A resistor is is a conductor in a circuit used to control the current’s size flowing in a course. Resistors can have a resistance that ranges from a few ohms to several millions of ohms. There are two types of resistors, fixed resistors and variable resistors.

A fixed resistor has a resistance of fixed value. Common types of fixed resistors include carbon film resistors and wire-wound resistors. A variable resistor has a resistance that can be varied. It uses to run the amount of current flowing in the circuit.

Let’s look into the bases that differentiate their Difference between resistance and resistivity.

1. Definition

The physical property of a substance that opposes the flow of current(electrons) that called Resistance. However, a physical property of a specific sense with specific dimensions that called Resistivity.

2. Proportionality

Resistance is directly proportional to the length and temperature of a substance. Hence, it is inversely proportional to the cross-sectional area of the sense. In contrast, resistivity is proportional to the nature and temperature of the specific meaning.

3. Symbol

R is the symbol representing resistance, and ρ is the symbol for resistivity.

4. Formula

Resistance calculated from these formulas: R = V/I or R = ρ(L/A) V = Voltage, I = Current, ρ = Resistivity.

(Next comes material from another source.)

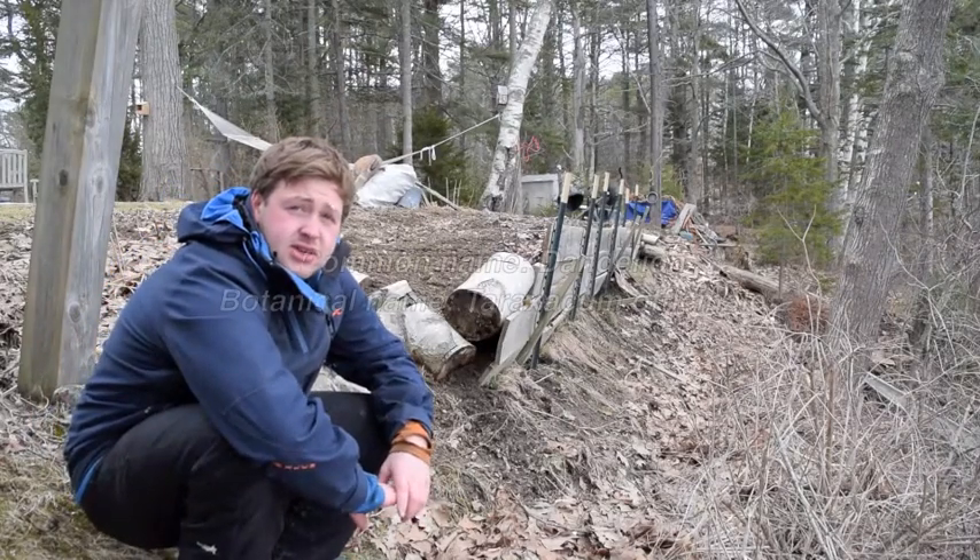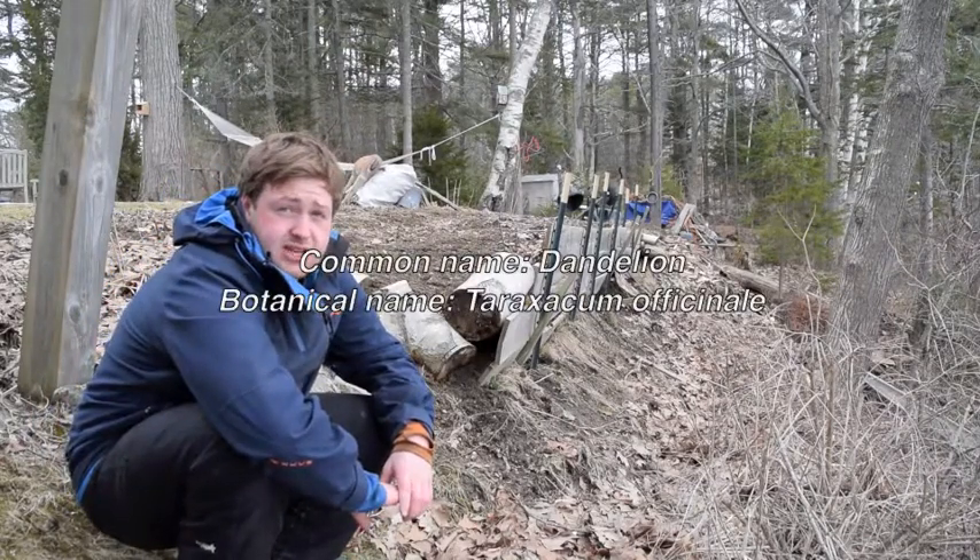Hi everyone, today we're going to look at dandelion, botanical name Taraxicum officinale.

Resistivity calculated as: ρ = (R×A)/L where R = Resistance, L= Length, A = Cross-sectional area.

5. SI unit

Ohms is the SI unit of resistance, and Ohms-meter is the SI unit of resistivity.

6. Application

Scientists have found various places where they can use the properties of resistance and resistivity. However, resistance uses in heaters, sensors, and fuses, etc. Still, resistivity use in tests like quality control tests for calcareous soil.

We hope that you have understood the concept of resistance and resistivity in detail. If you are a student. We wish you luck for your examination. Applying information gained through this blog as you have seen the significant differences between resistance and resistivity. It would help if you kept searching more on the topic of current and electricity.